Camilo Detoni, advogado em Realeza, foi da primeira turma do Ginásio La Salle de Francisco Beltrão, em 1962. Em tópicos, ele conta como foram aqueles tempos para ele. O estudo era bom, havia disciplina, mas a comida era ruim. Aulas de manhã e à tarde, mais duas horas à noite. Não gostava de ir à missa todas as manhãs. Todos tinham apelido, não havia bullying. Cada um tinha suas tarefas.
– Irmão Roberto foi quem me recrutou, mais tarde foi substituído nessa atividade pelo Irmão Cirilo. Ele visitou meu pai no decorrer do ano de 1961, recrutando alunos com vocação para irmão lassalista.
– Eu franzino, meu pai era comerciante e comprava feijão, tinha sacos de 80 kg. Café Brasil. Eu torcia para meus irmãos mais velhos não aceitarem. Aceitei na hora. Meu pai dava preferência para o mais velho e assim sucessivamente, todos não podiam sair de casa, pois precisava que alguns filhos o ajudassem.
– Disciplina ponto alto. Porém, comida era ruim. Não se podia ter dinheiro, só os externos, todos tinham que ser iguais. Se recebia comida de casa — minha mãe sempre mandava —, tinha que dividir com os colegas do grupo ao qual pertencia.
– No primeiro ano, saí de casa em meados do mês de fevereiro e retornei só na véspera do Natal. Ano inteiro sem ver pai, mãe e irmãos. Eu estava com apenas 11 anos de idade. Foi difícil, chorava à noite de saudades dos pais de molhar o travesseiro.
– Durante o almoço e jantar, era hábito leitura enquanto almoçávamos. Leitura era sequencial entre os juvenistas, ou seja, pela ordem, um após o outro, sempre se sentava no mesmo lugar.

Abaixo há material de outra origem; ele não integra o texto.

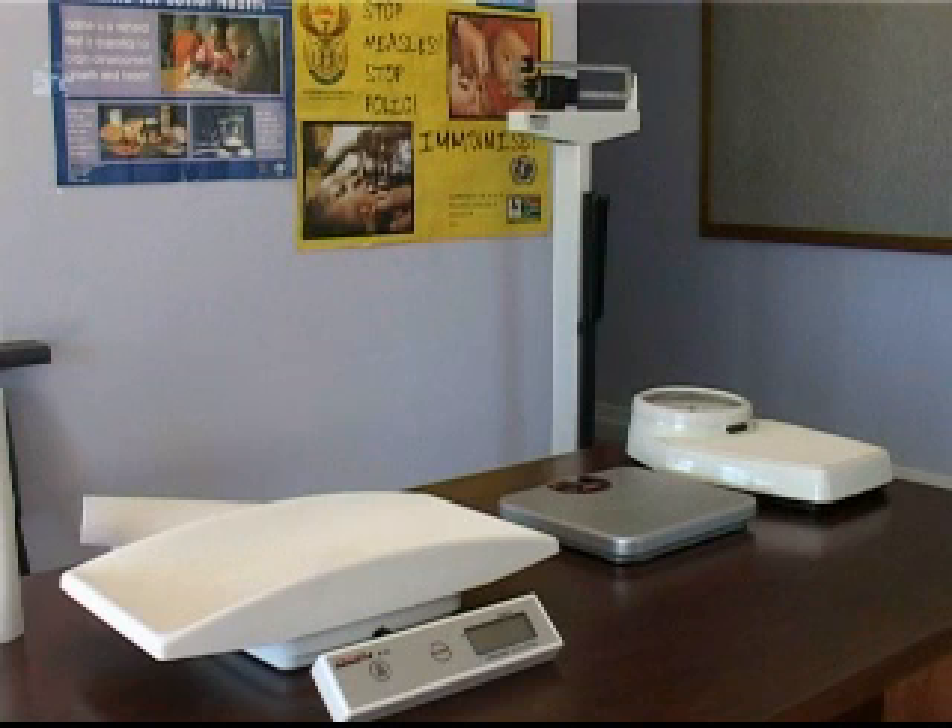Weighing scales are used to measure the weight of adults, children and infants. There are different types of weighing scales.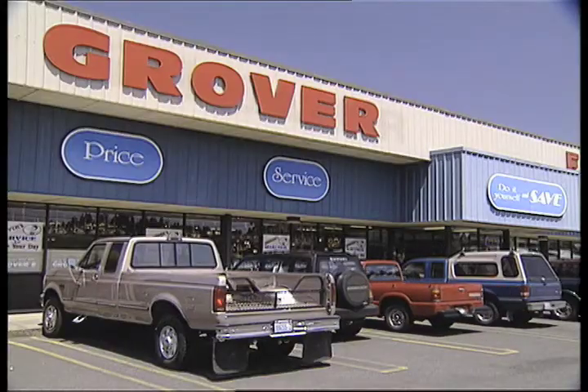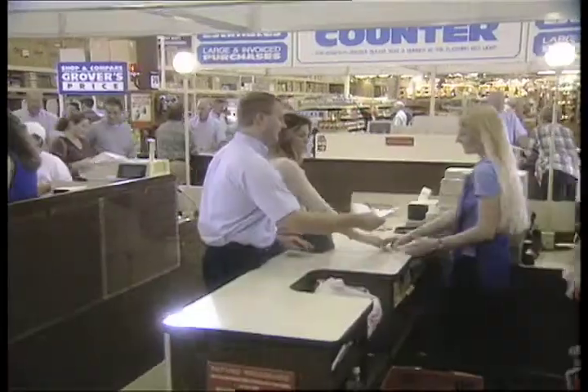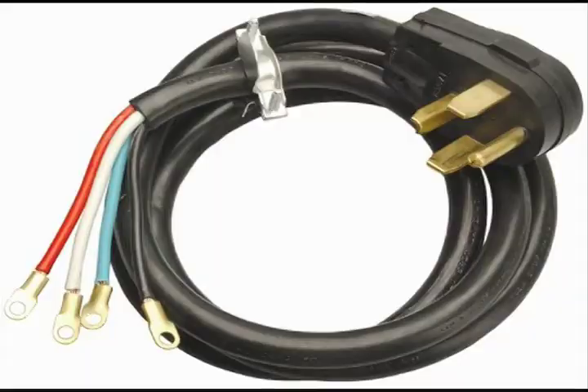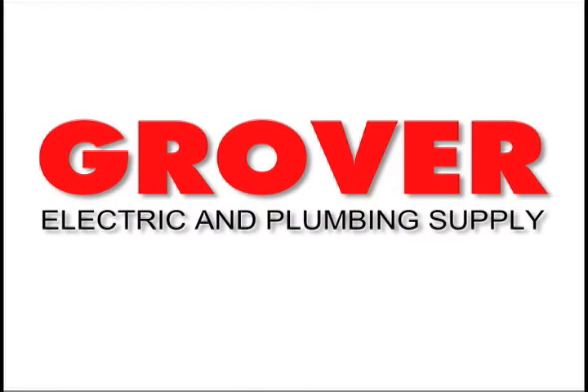Which means you'll be needing this — Grover Electric and Plumbing Supply. We've been helping do-it-yourselfers for decades, and our people will take the time to talk with you and patiently explain exactly what you need to do. Pigtails — be your own repairman and save some money. It's just one of the many things that Grover Electric and Plumbing Supply can help with.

– Eram formadas equipes de limpeza dos banheiros. Limpeza dos dormitórios. Limpeza de salas de aula. Limpeza de outras dependências (capela, corredores, pátio etc.). Lavagem das louças e talheres.
– Estudei língua francesa desde o primeiro ano, o que me ajudou no vestibular, tirando nota excelente. Estudei francês nos quatro anos do ginásio.
– Todos tinham oportunidade de aprender um instrumento. Eu, como fanático por futebol, escolhi marimba (ou xilofone), pois era fácil e, portanto, mais rápido. Hoje lamento não ter aprendido violão, gaita ou piano. Faltou uma melhor orientação.
– O estudo era no período da manhã e à tarde, com exceção das quartas-feiras e sábados, quando íamos para a Vila Nova, onde os Irmãos tinham uma propriedade rural, local onde se plantava milho, arroz, feijão e verduras em geral. Eu, como era magrinho, ficava encarregado de levar água para os que trabalhavam na capina. Só no ano de 1963 ajudei a capinar.
– À noite, após a janta, pequeno período de no máximo 15 minutos para higiene pessoal, depois duas horas de estudo antes de dormir.
– Dormitório coletivo era lugar sagrado, assim como os banheiros, não se podia conversar e nem ligar rádio ou coisa parecida.
– Graças ao bom ensino ginasial, pois foram quatro anos (admissão e 1ª série ginasial em Francisco Beltrão; 2º ano do ginásio em Adamantina-SP; 3º e 4º do ginásio em São Miguel do Oeste), não fiz cursinho para vestibular, que na época era bem concorrido, passei na hoje Unicuritiba e na Católica, pois, como tinha que trabalhar durante o dia, a Federal só tinha curso de Direito diurno.
– Lembro do Irmão Adelmo, professor de português, segundo consta era mineiro. Do Irmão Januário, professor de matemática, matéria que sempre detestei. Do Irmão Eugênio, nosso diretor. Irmão Albino, professor de História. Além, é claro, do Irmão Roberto e do Cirilo, com o qual por muitos anos tive contato, inclusive me visitou muitas vezes, sempre com suas receitas e remédios das mais variadas plantas medicinais.
– O que não gostava: ir à missa todos os dias pela manhã. Comida ruim. Chegava em casa nos finais de ano raquítico, minha mãe chorava ao me ver tão magro. Porém, as coisas boas, como disciplina, gosto pela leitura, concentração no estudo, solidariedade e amizades fraternas entre os colegas, respeito aos superiores.
– Todos tinham apelido e ninguém ligava. Não existia o tal do bullying, era considerado normal. Tanto em Beltrão como Adamantina e São Miguel do Oeste, tive apelidos, isso nunca me magoou, como disse, era encarado com normalidade.
– Colegas do La Salle que lembro da época: Vilmar Cordasso, Nilton Nodari, Hermes Caporal, Mansueto Dalla Vechia, Pedro Forte, Modesto Golin, Babinski, Izair Favreto.
– Em resumo: o Colégio La Salle me abriu as portas para o conhecimento. Não fosse o La Salle, nem imagino o que poderia ser.